WHAT THE TASK REQUIRES - The records that follow need to be printed exactly. Leave out each image.

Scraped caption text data
::::
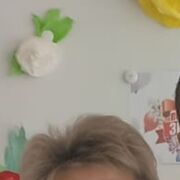  ,   , 53 ,     , c 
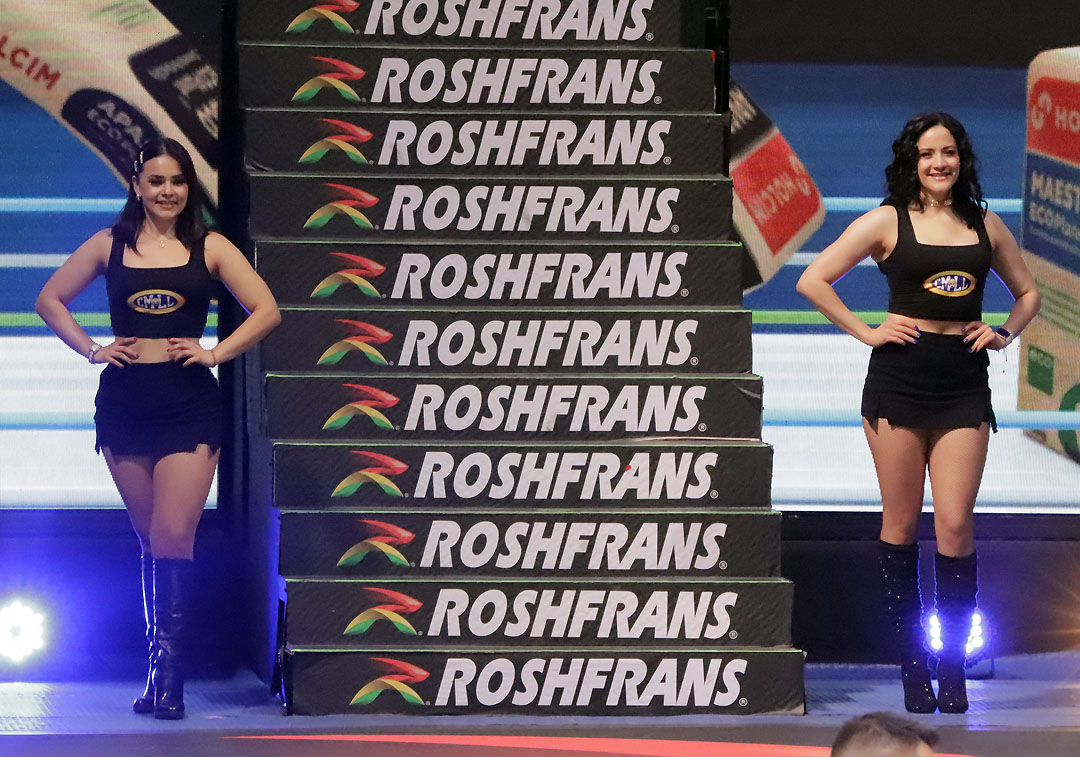 sandy hernandez y karla castillo (2)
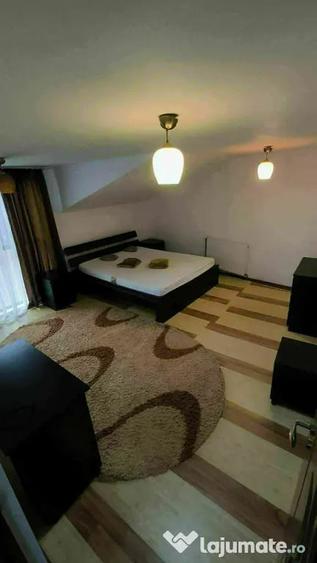Casa de vanzare Ploiesti - 11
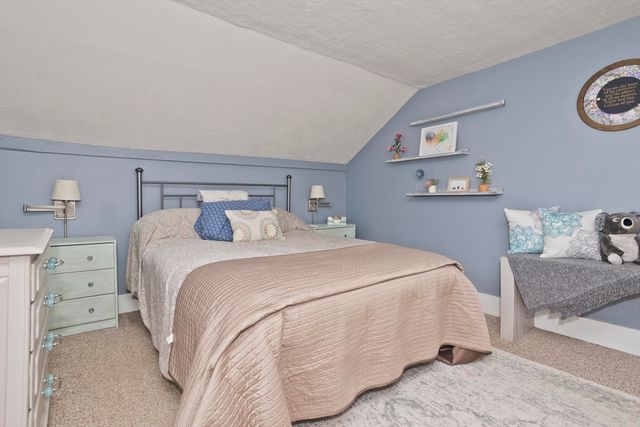 30 Washington Street, Monson, MA 01057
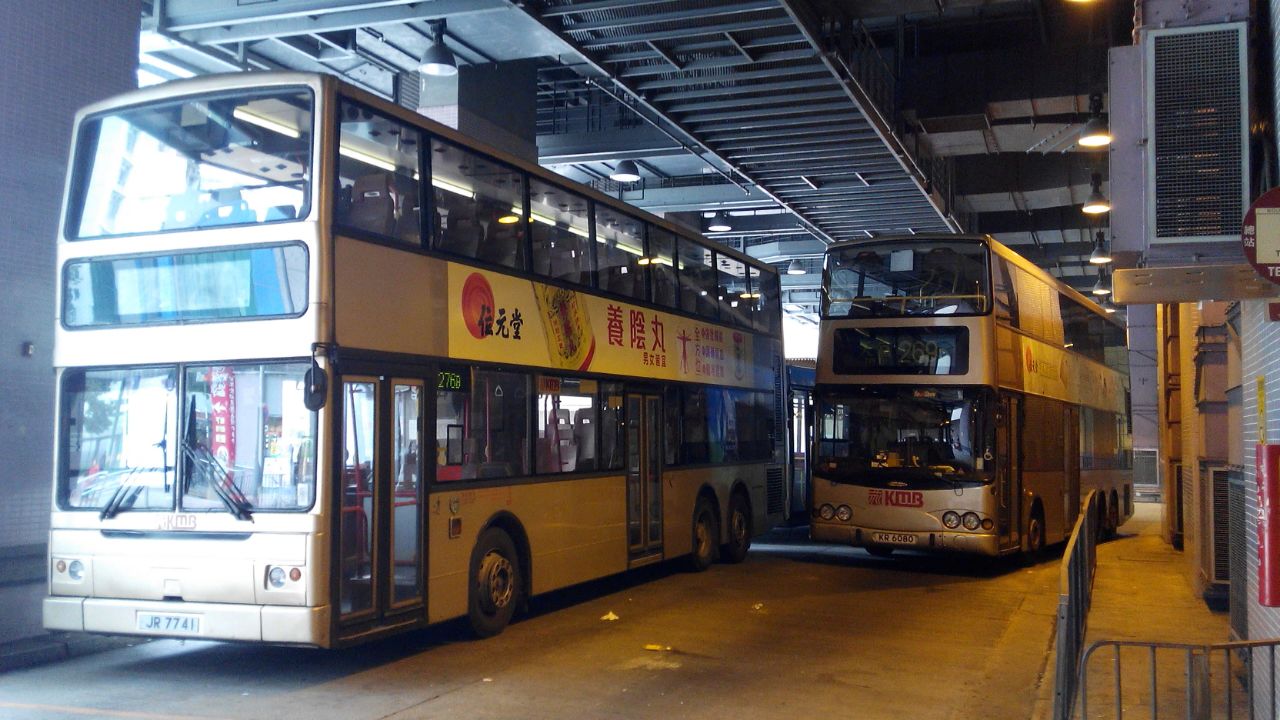 IMG-20141223-WA0005.jpg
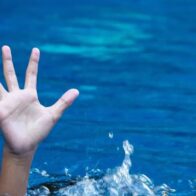 Niña de un año muere tras caer en una cisterna en San Pedro de Macorís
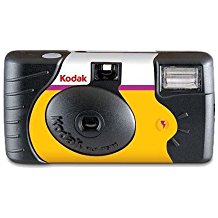 Kodak 3961315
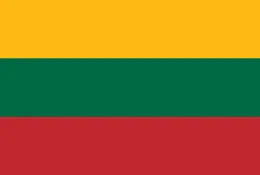 Литовский язык Литовский язык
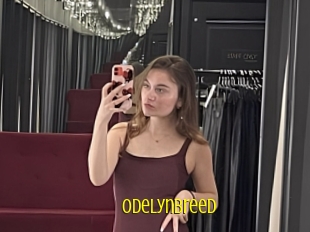 odelynbreed Extraits Jeunes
::::
EXERCISE RESPONSE -
  ,   , 53 ,     , c 
 sandy hernandez y karla castillo (2)
Casa de vanzare Ploiesti - 11
 30 Washington Street, Monson, MA 01057
 IMG-20141223-WA0005.jpg
 Niña de un año muere tras caer en una cisterna en San Pedro de Macorís
 Kodak 3961315
 Литовский язык Литовский язык
 odelynbreed Extraits Jeunes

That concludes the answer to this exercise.